POV-Ray : Newsgroups : povray.animations : skeletal animation using POV-RAY : Re: skeletal animation using POV-RAY Server Time
17 May 2024 07:24:50 EDT (-0400)
  Re: skeletal animation using POV-RAY  
From: melo
Date: 6 Feb 2008 01:05:01
Message: <web.47a94d403df0d7073c0d56f20@news.povray.org>
"Chris B" <nom### [at] nomailcom> wrote:
> Wow, You were right, that is a lengthy response :-)
>
> I'll respond out of sequence if that's ok:

Absulutely.  Now I'll imitate you.

> > How about creating an interest group for skeletal
> > animation?
>
> It's been a personal interest of mine for a long time, but I haven't seen
> more than a handful of people interested in using POV-Ray for this sort of
> thing over the years. Partially because it is very difficult to do just
> using POV-Ray and partially because you can readily do human animations in
> Poser, which is a commercial product that is not very expensive these days

> POV-Ray meshes using Poseray.

My my, I am learning more and more.  Well, cost was a definite factor.  When I
noticed POV-RAY being mentioned in some research articles, it intrigued me even
more.
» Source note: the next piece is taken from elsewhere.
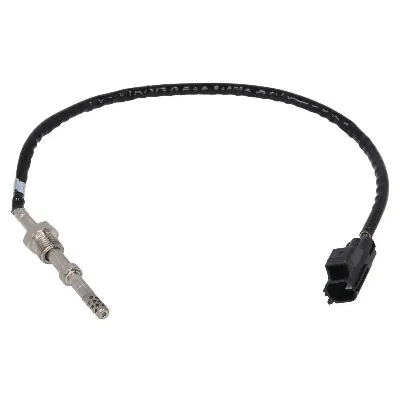 Senzor, temperatura izduvnih gasova AUTLOG AS3199 IC-E2CB57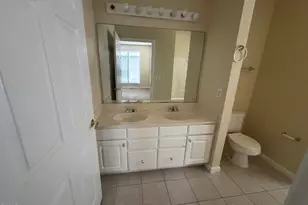 2510 Friedland Pl, Raleigh, NC 27617 - Photo 24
Here was a scientifically sound, powerful tool making contributions to
science and humanity; let's not forget providing means for artistic expresssion
for those who need techology, i.e their left brain's help to unlock their right
brain's creative potential.  AND POV-RAY creators are not being driven by
material gain as they offer this enormous benefit.  Thank you ladies and
gentlemen.

Humanoid animation has both scientific and artistic applications.  It is an
incredible area.  I like to get my skeleton moving, so I can turn my attention
to the application areas I am interested in.


> >> The approach I took for POV-Person  ....
>
> > POV-Person??  My gosh was there already a skeletal animation in the public
> > domain.  Well, I have spent 2-3 months to come this far, but I have
> > learned
> > more in the process.
>
> POV-Person is free to use, modify and redistribute (see
> http://www.geocities.com/povperson/), so you can use anything from there
> that you like. Body parts, poses and anatomical definitions are all split
> out into separate files to make it easier to modify.

Thank you Chris.  I will download it, I am sure it will teach me a lot about
POV-RAY and animation.

I like modularity.  I had a slighly different break down in mind.  Well it was
too long so I moved it to the end marked by ==========

>I haven't developed
> very much after publishing the V2 code that's on that site because there
> seemed to be only a tiny amount of interest in it (though I do have some
> moving hair macros and lip, eyelid and eyelash animation macros that I've
> done since then). It took me a few years to get that far and I learned a lot
> about how to structure the files and the optimum sequence for assembling
> animated models. I have a couple of diagrams on how the structure builds
> into an animateable figure that I could probably find if you're interested.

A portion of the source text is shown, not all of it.